▶ **Assignment**
Only one span of the listing below is wanted: the lines from the one with "Alejandro Serrano Rubio-10" through the one with "Microscopic examination reveals", reproduced exactly, both ends kept.
BEGIN Supplied data
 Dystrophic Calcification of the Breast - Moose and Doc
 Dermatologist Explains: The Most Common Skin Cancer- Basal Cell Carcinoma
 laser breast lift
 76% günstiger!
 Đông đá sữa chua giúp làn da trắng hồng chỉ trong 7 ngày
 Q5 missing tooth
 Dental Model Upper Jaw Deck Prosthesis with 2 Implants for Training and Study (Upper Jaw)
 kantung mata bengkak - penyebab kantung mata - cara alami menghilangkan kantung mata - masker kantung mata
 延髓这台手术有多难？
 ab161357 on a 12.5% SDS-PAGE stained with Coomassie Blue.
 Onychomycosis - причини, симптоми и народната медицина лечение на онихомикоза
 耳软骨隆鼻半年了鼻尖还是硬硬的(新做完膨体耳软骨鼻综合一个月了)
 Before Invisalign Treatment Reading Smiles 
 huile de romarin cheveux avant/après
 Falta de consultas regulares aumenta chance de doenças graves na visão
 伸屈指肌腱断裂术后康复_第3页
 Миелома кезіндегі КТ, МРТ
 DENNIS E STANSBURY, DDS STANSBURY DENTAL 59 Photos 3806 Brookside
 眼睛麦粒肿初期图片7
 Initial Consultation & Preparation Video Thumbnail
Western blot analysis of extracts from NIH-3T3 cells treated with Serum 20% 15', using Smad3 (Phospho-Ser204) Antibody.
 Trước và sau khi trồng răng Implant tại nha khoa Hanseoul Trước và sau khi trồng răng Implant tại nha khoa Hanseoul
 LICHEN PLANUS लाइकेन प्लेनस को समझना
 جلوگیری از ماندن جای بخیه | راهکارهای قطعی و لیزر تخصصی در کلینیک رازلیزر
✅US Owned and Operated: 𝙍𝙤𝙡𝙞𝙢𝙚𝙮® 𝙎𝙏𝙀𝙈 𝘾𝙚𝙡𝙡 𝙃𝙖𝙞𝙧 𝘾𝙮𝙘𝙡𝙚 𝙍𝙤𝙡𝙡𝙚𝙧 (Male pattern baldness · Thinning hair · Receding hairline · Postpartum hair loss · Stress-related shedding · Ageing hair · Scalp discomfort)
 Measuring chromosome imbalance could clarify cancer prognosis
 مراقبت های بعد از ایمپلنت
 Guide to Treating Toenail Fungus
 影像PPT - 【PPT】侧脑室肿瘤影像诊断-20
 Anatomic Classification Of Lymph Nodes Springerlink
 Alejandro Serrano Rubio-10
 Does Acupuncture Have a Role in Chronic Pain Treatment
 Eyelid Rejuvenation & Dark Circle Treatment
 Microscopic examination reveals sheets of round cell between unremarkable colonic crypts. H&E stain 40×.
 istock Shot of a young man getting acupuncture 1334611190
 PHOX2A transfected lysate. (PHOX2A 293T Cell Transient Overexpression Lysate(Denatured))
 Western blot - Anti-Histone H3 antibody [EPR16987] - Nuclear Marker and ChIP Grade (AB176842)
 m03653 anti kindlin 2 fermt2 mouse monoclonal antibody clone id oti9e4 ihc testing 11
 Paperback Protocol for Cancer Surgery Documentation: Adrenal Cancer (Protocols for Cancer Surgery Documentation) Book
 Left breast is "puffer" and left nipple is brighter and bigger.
END Supplied data
▶ **Written response**
 Alejandro Serrano Rubio-10
 Does Acupuncture Have a Role in Chronic Pain Treatment
 Eyelid Rejuvenation & Dark Circle Treatment
 Microscopic examination reveals sheets of round cell between unremarkable colonic crypts. H&E stain 40×.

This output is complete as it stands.